"""
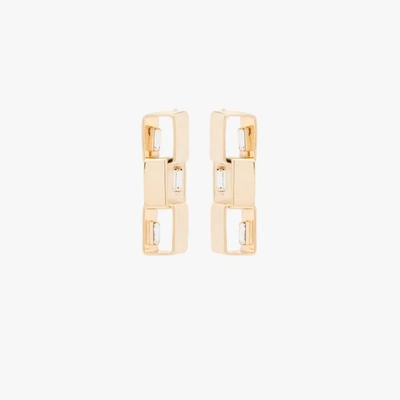 Shop Rosantica Gold Tone Eleonor Square Chain Crystal Earrings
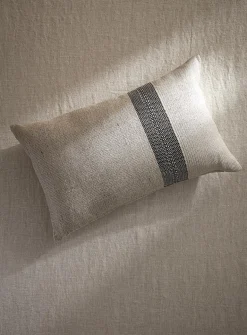 Woven stripes pure linen cushion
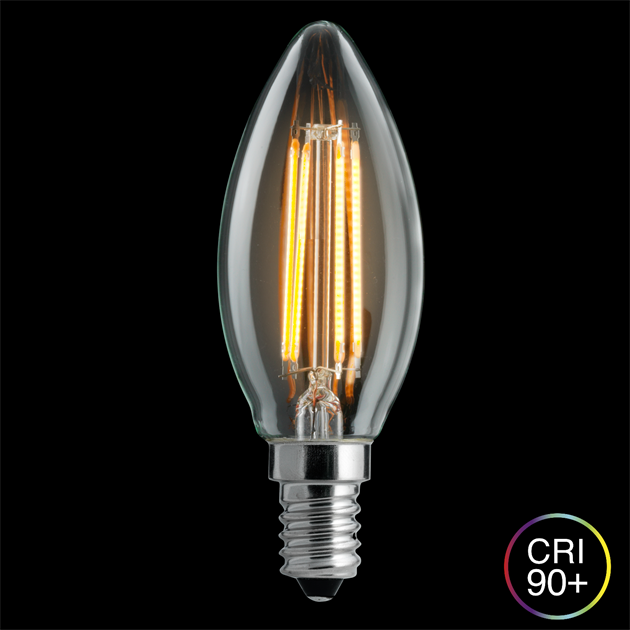 Kronljus klar E14 4,5W 2200K 3-steg dimbar minne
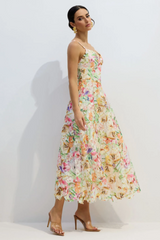 Diana Floral Embroidered Lace Midi Dress | Dress In Beauty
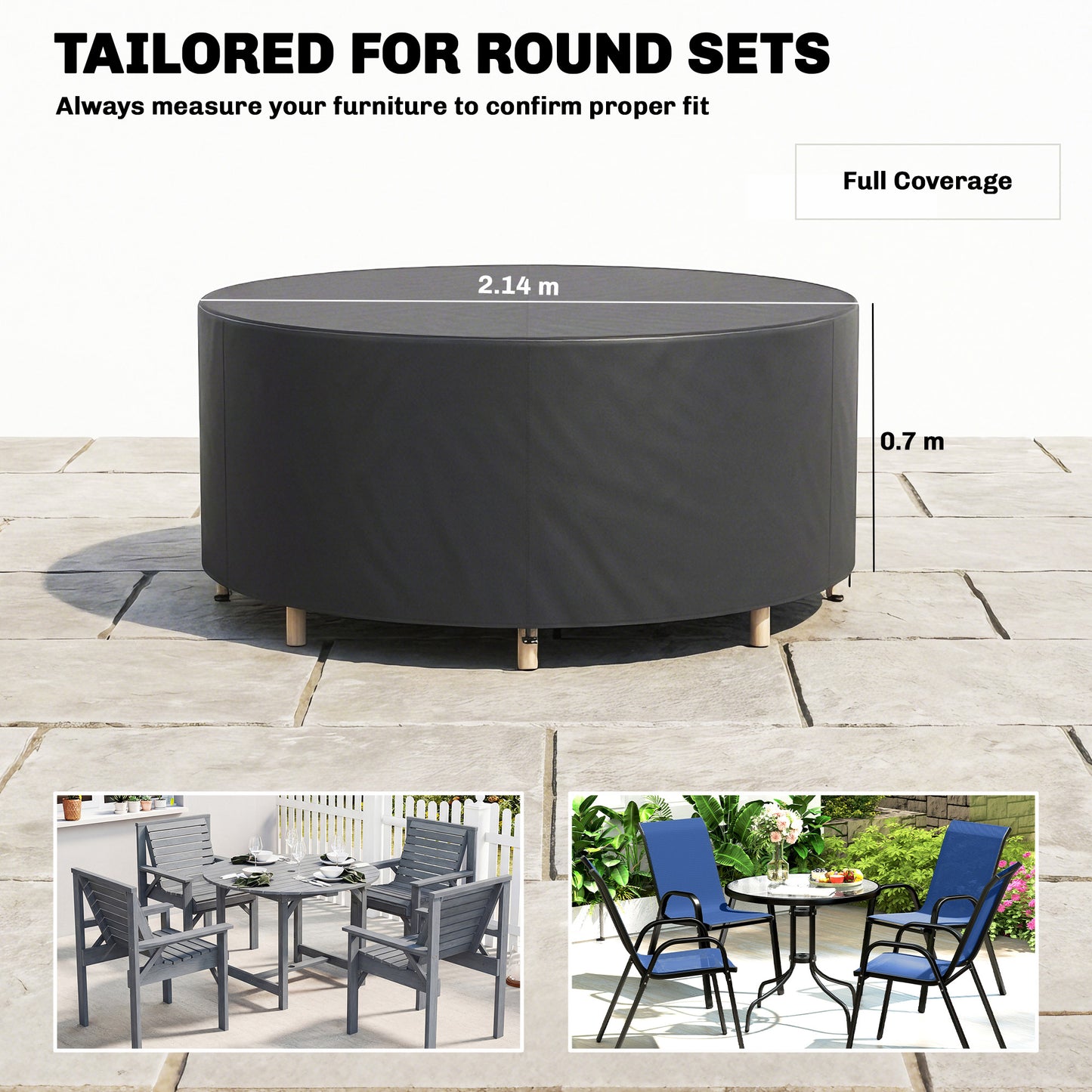Round Garden Furniture Cover Waterproof Dia.214 x 70 cm, Black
"""
§ **Exercise brief**
A word-for-word copy of the data, without its pictures, is what is needed.

§ **Response to this task**
 Shop Rosantica Gold Tone Eleonor Square Chain Crystal Earrings
 Woven stripes pure linen cushion
 Kronljus klar E14 4,5W 2200K 3-steg dimbar minne
 Diana Floral Embroidered Lace Midi Dress | Dress In Beauty
Round Garden Furniture Cover Waterproof Dia.214 x 70 cm, Black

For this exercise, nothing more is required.